Surgical strike “broken”. Government lodges civil requisition

The surgical strike that has seen angry nurses force the cancellation of thousands of operations has today been dealt a body blow.

The Council of Ministers has lodged a ‘civil requisition’ in the name of the government forcing nurses to provide the minimum services as defined by law.

This has nothing to do with the right to strike, explained health minister Marta Temida. It is the government’s reaction to the fact that operations that should have gone ahead during the strike, haven’t – compromising patients’ inherent right to health.

Nurses “must understand” that this was not an option taken lightly, Temida told assembled reporters. Indeed, the government felt there was nothing else it could do but break the deadlock this way.

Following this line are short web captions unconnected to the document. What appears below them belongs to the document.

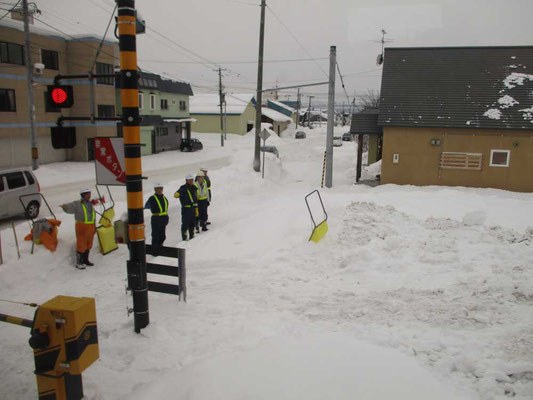 宗谷本線車窓からある踏切通過のショット　除雪作業の人たちが手を上げて列車通過の安全確認をしています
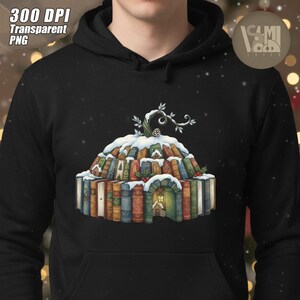 Op de afbeelding: Zwarte hoodie met een fantasie-illustratie van een huis gemaakt van boeken, bedekt met sneeuw en een tak. Het ontwerp bevat de tekst "300 DPI Transparent PNG" in de linkerbovenhoek. Een logo staat in de rechterbovenhoek.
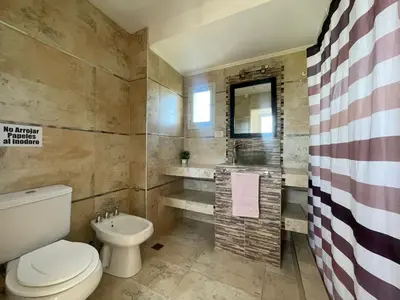 a bathroom with a toilet and a sink at Lo de coco in Villa Cura Brochero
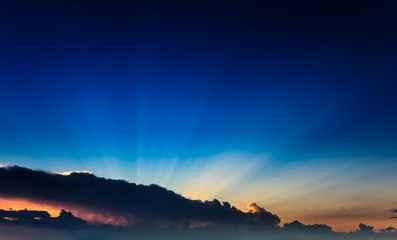 Incredibly, awesome bright, colorful sunset rays become outside a clouds front against the background clear blue sky. Natural phenomenon.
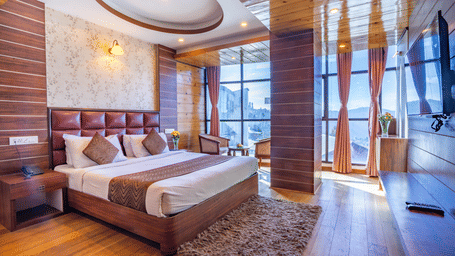 Room interior with bed, rug, and window seating at Yashshree Jai Hotel & Banquet, Darjeeling.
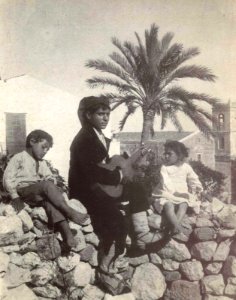 Gloeden, Wilhelm von (1856-1931) - n. 0606 - Ragazzo con chitarra davanti alla chiesa di San Domenico - Auch ich in Arkadien, p. 55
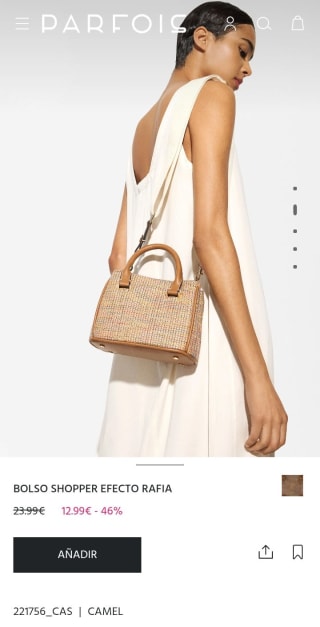 Bolso Shopper efecto rafia por 12,99€.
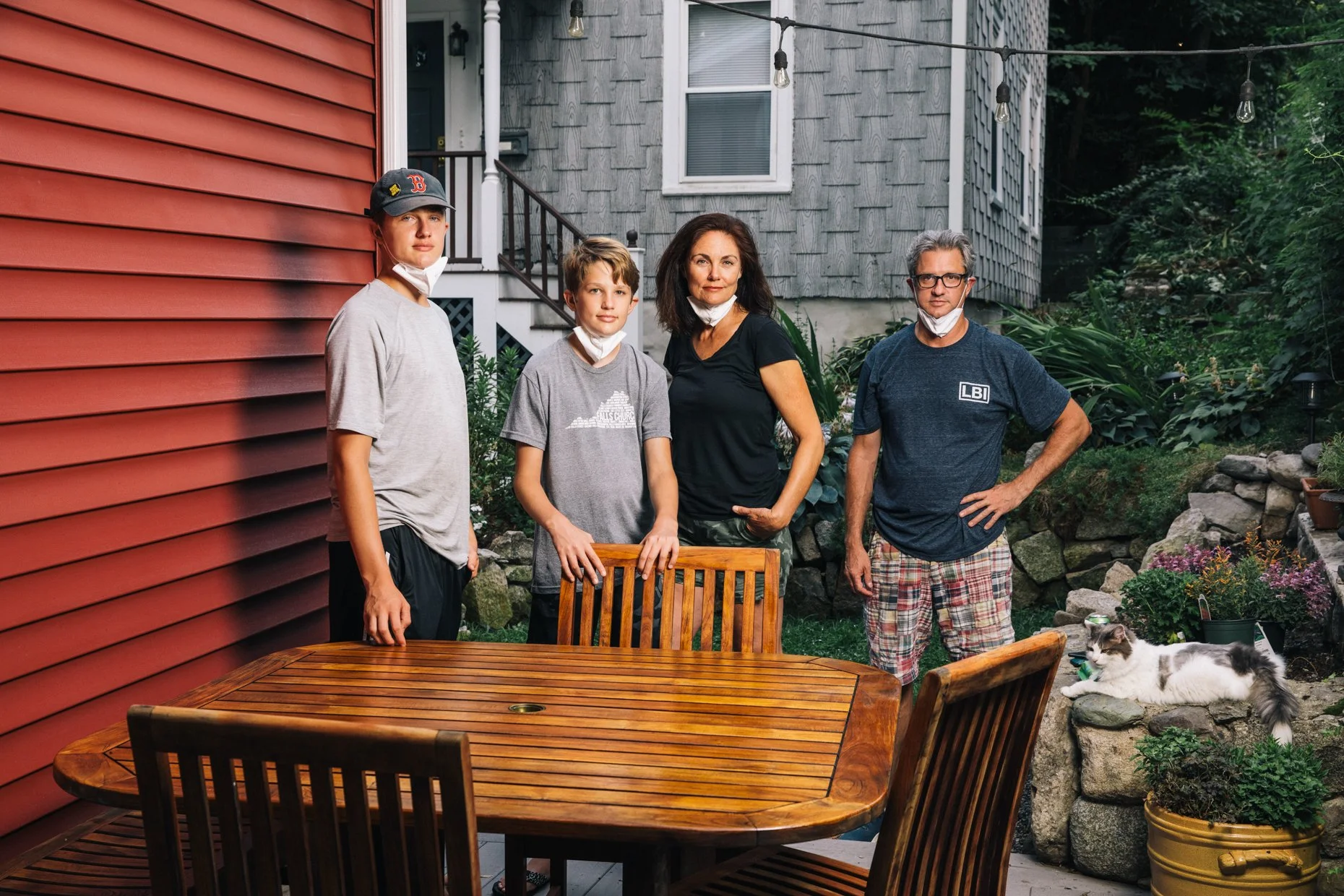 Four people standing outdoors on a patio in front of a house, with a wooden table and chairs in the foreground, and a garden with potted plants, rocks, and greenery in the background. Three of them are wearing face masks pulled down.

This has been a strike that transformed the face of public sector disputes in that a largely anonymous crowdfunding campaign has managed to ‘finance’ prolonged and crippling industrial action for week.

It’s a formula that has piqued the interest of international media (click here) and seen ruling Socialists demand transparency.

“All Portuguese people want to know if something or someone wants to attack the national health service”, João Paulo Correia, vice-president of the Socialist bench, explains. “The big question is who is paying for this surgical strike, and how are they paying”.

Stories this far suggest the €700,000 euros ‘donated’ have all come from fellow nurses, but there are clearly those who believe there are other sources with their own reasons for working against the government covertly.

Reacting to the news, ASPE, the association of nursing syndicates, has accused the government of “disrespecting” nurses and embarking on a course of action that could see further “uncontrollable” forms of protest.

Lúcia Lima, ASPE’s president, claims the government has “used strategies to simulate facts”.

“More patients than we could possibly have attended even in normal conditions were booked for surgeries”, she told reporters. “There are situations in which the number of patients exceeded theatre capacity even if there wasn’t a strike”.